Bahayanya adalah jika hal ini terus dibiarkan dan tidak ada lagi batas-batas yang jelas antara dua medan berbeda ini maka sesunguhnya benih-benih totalitarianisme itu terus tumbuh. Mungkin dengan varian yang berbeda.

Saya akan membedahnya dengan konsep politik Hannah Arendt sebagaimana yang pernah ditulis oleh F Budi Hardiman dalam bukunya (kalau tidak salah) berjudul, Ruang Publik.

Arsitektur Keruntuhan Hannah Arendt Tentang Res Publica

Sejak awal Budi Hardiman sudah mengingatkan kalau konsep Filsafat Politik Arendt sangat kuat berdiri di atas konsep politik Aristoteles dan pengalaman Arendt sendiri berhadapan dengan rezim NAZI yang totaliter. 

Keseluruhan bangunan konsep filsafat politik Arendt di dalam artikel ini secara langsung maupun tidak langsung mau menganalisis dan mengupas habis totalitarianisme yang-bagi Arendt sendiri- berpuncak pada pemusnahan ras Yahudi oleh NAZI. 

Untuk itu harus diakui pula kalau pisau analisis Arendt tentang politik sangat tajam hingga mampu membongkar kemapanan liberalisme yang ditonggak filsuf-filsuf besar seperti Locke, Hobbes, dan Rousseau.

Arendt membuat distingsi tajam antara manusia politik dan apolitik dalam metafisika politiknya.
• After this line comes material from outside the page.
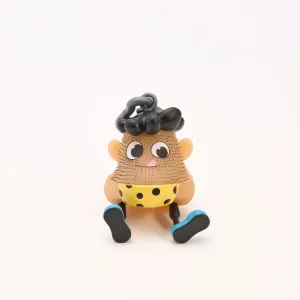 Blackheads Remover Toy-A funny stress relief toy that doubles as a cute keychain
Baginya, der Mensch atau sang Manusia atau manusia singular adalah realitas abstrak karena itu dia tidak mungkin politis melainkan der Mensch itu, a-politis. 
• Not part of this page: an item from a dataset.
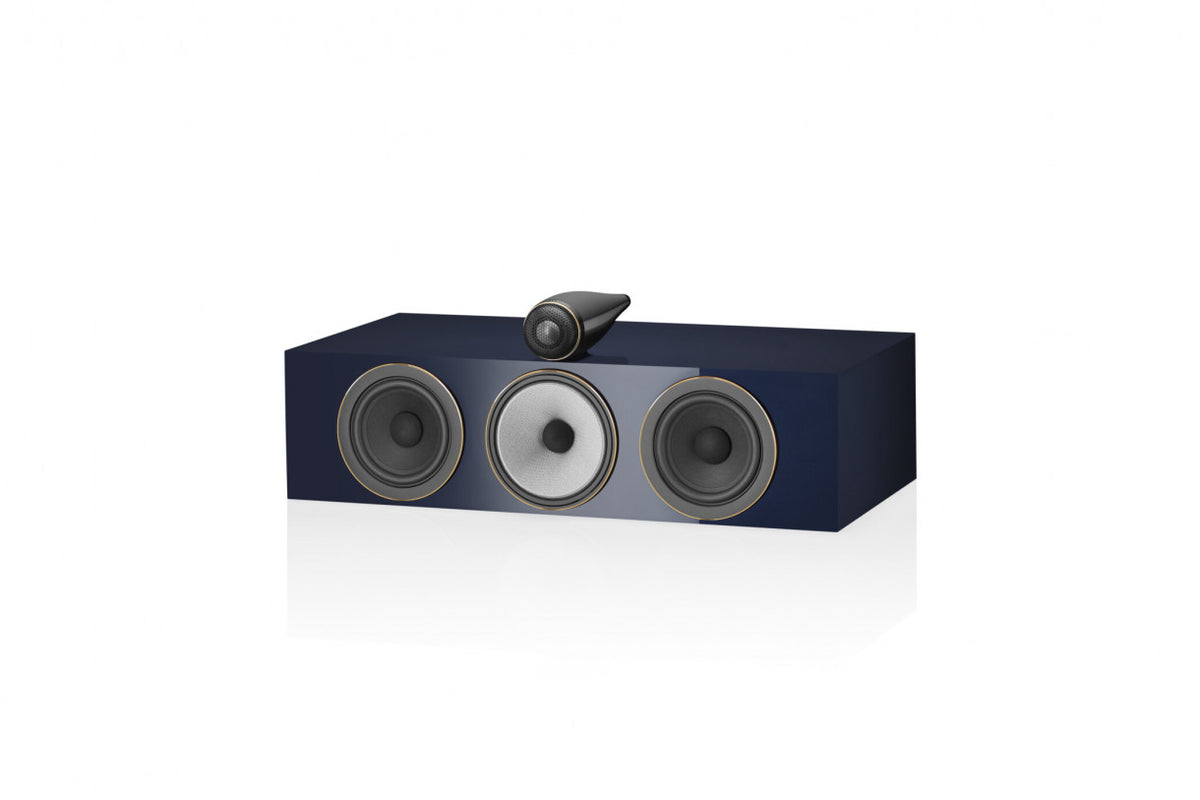 B&W HTM71 S3 Signature, Midnight Blue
Realitas yang konkret adalah die Menschen, manusia-manusia atau manusia plural. Manusia plural inilah yang bagi Arendt politis. Konsep manusia seperti ini sekaligus mementahkan anggapan konsep manusia zoon politikon-nya Aristoteles.

Arendt memperluas jangkauan pemikiran Aristoteles mengenai oikos dan polis. Oikos, dalam konsep Aristoteles selalu dikaitkan dengan relasi yang menguasai dan yang dikuasai, laki-laki dan perempuan, tuan dan budak karena itu relasi ini niscahya karena tujuannya jelas yakni demi pengembangbiakan dan untuk mempertahankan hidup. 

Menurutnya, oikos itu pra politis bukan dalam pengertian state of nature Hobbes atau hubungan-hubungan produksi ala Marx dan bukan juga dalam konsep oikos sebagai rumah tangga, melainkan karena intimitas anonim penguasa dan yang dikuasai.

Dalam hal ini sang diktator dan massanya. Keseluruhan tatanan politis itu tidak termasuk dalam ruang publik melainkan sebatas ruang privat semata.

Tidak begitu jauh berbeda dengan Aristoteles, Arendt pun mengakui baru dalam polis tercipta ruang publik yang tidak terkontaminasi dengan ruang privat. Di dalam polis ada komunikasi publik tiada henti dan solidaritas manusia-manusia (die Menschen). Polis adalah kerajaan kebebasan yang memungkinkan setiap orang berbicara lantang. 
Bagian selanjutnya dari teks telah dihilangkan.